--- Instructions for the task ---
Given the records below, would you repeat exactly the lines that begin at the one containing "In this view" and end at the one containing "Unleavened dough is", inclusive?

--- Exercise materials ---
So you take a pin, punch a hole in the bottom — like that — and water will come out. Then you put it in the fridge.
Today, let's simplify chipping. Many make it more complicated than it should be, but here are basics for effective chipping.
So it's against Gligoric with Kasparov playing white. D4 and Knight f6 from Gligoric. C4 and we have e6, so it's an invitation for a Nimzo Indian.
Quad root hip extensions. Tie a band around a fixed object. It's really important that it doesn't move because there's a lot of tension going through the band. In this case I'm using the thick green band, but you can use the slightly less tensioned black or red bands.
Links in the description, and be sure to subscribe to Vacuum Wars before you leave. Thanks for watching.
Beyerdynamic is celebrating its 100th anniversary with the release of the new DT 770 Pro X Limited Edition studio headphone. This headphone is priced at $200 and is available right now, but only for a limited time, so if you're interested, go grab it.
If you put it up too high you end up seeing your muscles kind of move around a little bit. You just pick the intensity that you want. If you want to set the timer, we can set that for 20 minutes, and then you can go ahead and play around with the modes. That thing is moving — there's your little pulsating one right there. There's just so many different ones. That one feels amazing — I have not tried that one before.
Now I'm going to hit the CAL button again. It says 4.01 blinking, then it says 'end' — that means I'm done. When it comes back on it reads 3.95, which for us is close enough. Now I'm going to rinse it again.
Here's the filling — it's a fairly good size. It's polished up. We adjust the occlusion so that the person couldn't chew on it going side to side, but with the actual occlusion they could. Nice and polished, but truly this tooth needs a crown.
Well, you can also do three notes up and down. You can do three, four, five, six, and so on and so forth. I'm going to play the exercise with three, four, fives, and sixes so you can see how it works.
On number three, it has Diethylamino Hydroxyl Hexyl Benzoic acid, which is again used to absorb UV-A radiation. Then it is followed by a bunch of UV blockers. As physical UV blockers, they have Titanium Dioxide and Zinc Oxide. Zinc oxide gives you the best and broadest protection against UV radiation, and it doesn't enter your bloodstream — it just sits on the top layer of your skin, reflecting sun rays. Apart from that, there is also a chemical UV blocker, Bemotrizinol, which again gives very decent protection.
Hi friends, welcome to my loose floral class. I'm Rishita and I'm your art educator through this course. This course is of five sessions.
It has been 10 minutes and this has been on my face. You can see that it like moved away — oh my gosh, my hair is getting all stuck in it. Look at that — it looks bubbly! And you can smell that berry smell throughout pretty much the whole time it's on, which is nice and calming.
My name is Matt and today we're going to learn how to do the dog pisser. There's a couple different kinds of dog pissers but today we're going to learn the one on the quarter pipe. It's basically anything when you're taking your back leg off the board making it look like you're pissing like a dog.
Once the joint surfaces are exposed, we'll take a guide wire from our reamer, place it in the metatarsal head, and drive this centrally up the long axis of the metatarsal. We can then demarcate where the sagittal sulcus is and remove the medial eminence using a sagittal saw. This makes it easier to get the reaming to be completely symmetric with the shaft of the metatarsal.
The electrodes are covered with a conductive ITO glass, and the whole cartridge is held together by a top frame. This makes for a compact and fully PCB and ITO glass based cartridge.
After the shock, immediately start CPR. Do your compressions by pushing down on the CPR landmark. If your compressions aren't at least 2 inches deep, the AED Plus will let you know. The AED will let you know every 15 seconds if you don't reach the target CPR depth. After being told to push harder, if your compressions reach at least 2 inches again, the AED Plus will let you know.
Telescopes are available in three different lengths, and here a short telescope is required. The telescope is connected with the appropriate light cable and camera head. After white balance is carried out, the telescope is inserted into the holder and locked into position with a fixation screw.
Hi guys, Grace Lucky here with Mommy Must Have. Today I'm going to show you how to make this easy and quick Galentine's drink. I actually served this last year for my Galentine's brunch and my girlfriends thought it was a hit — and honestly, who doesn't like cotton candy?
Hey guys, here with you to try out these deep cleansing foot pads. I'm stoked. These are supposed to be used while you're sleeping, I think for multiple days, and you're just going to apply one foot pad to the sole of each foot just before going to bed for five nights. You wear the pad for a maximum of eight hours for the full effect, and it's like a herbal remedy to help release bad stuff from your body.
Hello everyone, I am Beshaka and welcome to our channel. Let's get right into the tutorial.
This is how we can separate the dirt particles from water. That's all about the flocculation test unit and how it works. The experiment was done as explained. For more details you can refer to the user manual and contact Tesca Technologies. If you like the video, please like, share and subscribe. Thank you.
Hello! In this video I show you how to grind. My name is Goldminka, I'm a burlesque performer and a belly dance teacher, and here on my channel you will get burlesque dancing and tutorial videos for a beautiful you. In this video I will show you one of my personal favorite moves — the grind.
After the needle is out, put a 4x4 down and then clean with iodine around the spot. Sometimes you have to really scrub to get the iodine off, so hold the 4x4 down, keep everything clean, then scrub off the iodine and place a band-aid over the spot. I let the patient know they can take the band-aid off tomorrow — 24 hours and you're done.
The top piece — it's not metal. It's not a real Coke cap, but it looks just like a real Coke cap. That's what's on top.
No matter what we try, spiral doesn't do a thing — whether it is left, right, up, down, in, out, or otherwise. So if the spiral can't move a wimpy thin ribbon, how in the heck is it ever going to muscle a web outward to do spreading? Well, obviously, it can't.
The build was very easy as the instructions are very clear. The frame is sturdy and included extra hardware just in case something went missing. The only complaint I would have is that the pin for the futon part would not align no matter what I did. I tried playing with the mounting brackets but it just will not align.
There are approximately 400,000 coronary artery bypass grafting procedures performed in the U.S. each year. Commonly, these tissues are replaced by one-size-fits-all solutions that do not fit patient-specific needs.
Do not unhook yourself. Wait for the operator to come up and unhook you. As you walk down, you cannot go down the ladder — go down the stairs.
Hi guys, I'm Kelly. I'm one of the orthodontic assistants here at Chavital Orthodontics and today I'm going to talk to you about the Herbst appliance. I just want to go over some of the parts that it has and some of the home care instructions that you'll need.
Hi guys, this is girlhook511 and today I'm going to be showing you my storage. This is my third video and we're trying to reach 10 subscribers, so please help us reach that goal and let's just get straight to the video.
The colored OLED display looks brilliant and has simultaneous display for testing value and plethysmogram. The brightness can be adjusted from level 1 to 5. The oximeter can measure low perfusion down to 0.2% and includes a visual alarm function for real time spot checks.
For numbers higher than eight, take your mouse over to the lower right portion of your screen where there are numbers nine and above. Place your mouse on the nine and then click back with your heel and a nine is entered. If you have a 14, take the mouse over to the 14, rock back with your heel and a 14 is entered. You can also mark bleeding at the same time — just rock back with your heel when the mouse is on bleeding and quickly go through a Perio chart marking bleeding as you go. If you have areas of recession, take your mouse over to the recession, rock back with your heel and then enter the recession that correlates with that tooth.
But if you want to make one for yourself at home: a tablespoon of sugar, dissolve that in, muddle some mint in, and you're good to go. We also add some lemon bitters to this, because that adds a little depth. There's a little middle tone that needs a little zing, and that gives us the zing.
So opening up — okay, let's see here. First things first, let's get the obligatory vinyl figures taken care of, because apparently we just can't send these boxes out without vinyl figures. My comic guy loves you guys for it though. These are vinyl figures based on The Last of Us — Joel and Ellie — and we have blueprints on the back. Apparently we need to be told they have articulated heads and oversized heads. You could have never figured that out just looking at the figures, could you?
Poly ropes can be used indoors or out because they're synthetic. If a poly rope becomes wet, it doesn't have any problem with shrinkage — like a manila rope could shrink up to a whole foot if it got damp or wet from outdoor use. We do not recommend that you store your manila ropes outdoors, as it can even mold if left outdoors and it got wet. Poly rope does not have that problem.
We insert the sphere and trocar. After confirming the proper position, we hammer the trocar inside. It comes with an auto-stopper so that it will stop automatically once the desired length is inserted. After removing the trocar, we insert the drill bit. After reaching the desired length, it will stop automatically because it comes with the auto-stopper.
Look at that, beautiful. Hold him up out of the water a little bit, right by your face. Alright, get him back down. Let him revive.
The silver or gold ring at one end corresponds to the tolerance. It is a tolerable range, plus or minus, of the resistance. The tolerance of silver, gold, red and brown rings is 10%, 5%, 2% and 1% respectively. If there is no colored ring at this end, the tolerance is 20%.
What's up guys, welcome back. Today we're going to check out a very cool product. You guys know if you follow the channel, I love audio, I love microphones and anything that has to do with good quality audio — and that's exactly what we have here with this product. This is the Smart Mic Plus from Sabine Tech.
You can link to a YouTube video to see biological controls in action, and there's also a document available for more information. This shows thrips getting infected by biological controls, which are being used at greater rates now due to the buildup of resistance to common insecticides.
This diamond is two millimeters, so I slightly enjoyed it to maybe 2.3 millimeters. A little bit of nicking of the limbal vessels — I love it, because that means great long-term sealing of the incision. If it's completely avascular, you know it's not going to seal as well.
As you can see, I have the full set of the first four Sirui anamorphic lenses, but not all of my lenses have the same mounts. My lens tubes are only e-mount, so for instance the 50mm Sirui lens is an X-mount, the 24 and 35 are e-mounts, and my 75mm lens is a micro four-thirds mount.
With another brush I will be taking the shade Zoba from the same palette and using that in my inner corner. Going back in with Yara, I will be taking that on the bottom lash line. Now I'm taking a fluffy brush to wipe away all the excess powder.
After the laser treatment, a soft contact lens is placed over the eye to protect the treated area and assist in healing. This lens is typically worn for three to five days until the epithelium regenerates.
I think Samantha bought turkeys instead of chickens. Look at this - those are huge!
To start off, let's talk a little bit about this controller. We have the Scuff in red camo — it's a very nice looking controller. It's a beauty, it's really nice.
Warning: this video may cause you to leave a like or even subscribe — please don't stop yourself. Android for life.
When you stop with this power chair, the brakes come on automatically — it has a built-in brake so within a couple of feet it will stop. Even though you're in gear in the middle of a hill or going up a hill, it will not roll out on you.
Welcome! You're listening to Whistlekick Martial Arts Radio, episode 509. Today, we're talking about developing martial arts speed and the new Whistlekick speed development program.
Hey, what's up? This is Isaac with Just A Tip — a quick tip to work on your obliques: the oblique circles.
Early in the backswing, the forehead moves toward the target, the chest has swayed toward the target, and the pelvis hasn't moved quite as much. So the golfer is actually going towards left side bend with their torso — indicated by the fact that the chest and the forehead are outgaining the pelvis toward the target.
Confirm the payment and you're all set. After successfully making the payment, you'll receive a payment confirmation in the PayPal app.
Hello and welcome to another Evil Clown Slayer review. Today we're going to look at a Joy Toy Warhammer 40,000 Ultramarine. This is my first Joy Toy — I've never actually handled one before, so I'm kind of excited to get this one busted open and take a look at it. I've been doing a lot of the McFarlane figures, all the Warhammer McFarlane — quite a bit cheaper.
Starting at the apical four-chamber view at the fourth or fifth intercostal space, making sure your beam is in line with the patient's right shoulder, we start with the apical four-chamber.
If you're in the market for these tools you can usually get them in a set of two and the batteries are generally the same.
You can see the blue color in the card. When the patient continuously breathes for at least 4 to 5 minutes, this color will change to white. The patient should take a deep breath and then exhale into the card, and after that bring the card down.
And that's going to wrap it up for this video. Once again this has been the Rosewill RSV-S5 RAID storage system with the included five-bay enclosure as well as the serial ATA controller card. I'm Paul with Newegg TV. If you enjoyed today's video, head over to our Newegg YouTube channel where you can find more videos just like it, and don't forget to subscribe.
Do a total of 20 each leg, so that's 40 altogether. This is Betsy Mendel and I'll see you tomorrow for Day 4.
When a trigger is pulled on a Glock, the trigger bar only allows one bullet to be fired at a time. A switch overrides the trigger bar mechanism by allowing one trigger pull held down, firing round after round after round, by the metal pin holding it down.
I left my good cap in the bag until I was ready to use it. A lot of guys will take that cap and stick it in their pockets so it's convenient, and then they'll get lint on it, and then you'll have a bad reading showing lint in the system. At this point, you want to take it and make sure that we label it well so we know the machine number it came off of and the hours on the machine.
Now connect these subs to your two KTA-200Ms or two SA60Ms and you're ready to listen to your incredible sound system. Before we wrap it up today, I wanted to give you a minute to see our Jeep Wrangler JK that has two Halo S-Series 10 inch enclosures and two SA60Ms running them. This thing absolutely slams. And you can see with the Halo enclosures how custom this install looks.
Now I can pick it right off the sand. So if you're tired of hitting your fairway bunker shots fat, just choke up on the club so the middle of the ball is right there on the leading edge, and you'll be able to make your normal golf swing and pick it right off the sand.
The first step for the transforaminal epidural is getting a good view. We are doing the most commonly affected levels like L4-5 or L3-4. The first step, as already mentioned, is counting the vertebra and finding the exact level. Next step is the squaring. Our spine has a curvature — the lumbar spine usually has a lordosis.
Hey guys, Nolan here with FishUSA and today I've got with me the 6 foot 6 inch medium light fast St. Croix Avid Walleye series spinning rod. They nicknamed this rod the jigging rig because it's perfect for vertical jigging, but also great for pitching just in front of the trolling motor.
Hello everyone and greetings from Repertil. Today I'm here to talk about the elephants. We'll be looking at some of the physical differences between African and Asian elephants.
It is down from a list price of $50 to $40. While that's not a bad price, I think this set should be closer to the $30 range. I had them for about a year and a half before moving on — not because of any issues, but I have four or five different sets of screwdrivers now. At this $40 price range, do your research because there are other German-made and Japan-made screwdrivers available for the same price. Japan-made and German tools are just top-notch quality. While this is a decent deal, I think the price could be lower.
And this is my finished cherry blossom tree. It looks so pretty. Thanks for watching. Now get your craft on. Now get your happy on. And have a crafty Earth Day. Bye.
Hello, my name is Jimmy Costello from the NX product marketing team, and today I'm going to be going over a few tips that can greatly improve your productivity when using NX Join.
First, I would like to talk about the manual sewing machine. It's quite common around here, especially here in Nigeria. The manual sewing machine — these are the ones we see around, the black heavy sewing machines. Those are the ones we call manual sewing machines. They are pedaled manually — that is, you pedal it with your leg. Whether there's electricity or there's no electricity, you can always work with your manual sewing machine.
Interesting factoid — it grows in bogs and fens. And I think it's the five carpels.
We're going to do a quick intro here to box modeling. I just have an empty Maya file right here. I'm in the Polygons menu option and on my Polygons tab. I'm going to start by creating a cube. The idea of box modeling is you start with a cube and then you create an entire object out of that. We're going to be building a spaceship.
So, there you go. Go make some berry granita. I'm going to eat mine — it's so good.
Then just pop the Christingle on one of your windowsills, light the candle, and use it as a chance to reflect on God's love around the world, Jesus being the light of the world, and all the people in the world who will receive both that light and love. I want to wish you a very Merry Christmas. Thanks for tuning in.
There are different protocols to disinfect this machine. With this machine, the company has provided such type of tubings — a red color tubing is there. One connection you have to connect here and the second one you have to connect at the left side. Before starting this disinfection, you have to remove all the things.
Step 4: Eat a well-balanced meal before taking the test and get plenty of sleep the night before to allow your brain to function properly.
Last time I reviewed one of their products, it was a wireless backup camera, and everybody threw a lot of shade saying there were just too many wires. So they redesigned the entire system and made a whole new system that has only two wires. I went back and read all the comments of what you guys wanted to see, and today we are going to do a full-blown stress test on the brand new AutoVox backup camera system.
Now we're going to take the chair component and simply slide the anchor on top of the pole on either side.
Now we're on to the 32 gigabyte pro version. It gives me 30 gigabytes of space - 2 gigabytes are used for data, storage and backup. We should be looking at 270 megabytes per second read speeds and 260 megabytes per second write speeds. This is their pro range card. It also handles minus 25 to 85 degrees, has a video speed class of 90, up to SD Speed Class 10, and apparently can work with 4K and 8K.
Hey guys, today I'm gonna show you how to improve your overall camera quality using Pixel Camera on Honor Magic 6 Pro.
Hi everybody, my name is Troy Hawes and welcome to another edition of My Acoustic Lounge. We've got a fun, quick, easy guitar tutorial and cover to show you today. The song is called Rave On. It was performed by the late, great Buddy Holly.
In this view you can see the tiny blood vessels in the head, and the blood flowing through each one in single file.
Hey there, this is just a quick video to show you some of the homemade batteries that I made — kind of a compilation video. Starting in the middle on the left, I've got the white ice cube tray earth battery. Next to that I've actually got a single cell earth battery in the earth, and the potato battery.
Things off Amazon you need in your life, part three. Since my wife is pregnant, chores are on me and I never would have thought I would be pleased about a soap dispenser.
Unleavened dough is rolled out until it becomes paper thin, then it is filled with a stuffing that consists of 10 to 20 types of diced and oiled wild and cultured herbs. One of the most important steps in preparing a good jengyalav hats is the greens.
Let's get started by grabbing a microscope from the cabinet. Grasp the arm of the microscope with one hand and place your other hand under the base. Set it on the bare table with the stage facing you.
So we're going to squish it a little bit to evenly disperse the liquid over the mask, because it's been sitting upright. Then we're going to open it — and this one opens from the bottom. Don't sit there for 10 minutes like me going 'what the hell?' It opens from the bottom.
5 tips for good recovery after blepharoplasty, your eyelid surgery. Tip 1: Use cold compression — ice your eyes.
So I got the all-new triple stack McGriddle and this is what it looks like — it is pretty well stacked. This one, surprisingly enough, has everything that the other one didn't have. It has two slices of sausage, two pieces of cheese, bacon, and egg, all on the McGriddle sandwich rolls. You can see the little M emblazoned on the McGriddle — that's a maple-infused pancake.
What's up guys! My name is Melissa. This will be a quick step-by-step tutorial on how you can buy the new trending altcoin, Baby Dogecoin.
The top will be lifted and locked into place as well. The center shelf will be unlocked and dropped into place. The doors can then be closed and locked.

--- Answer to this exercise ---
In this view you can see the tiny blood vessels in the head, and the blood flowing through each one in single file.
Hey there, this is just a quick video to show you some of the homemade batteries that I made — kind of a compilation video. Starting in the middle on the left, I've got the white ice cube tray earth battery. Next to that I've actually got a single cell earth battery in the earth, and the potato battery.
Things off Amazon you need in your life, part three. Since my wife is pregnant, chores are on me and I never would have thought I would be pleased about a soap dispenser.
Unleavened dough is rolled out until it becomes paper thin, then it is filled with a stuffing that consists of 10 to 20 types of diced and oiled wild and cultured herbs. One of the most important steps in preparing a good jengyalav hats is the greens.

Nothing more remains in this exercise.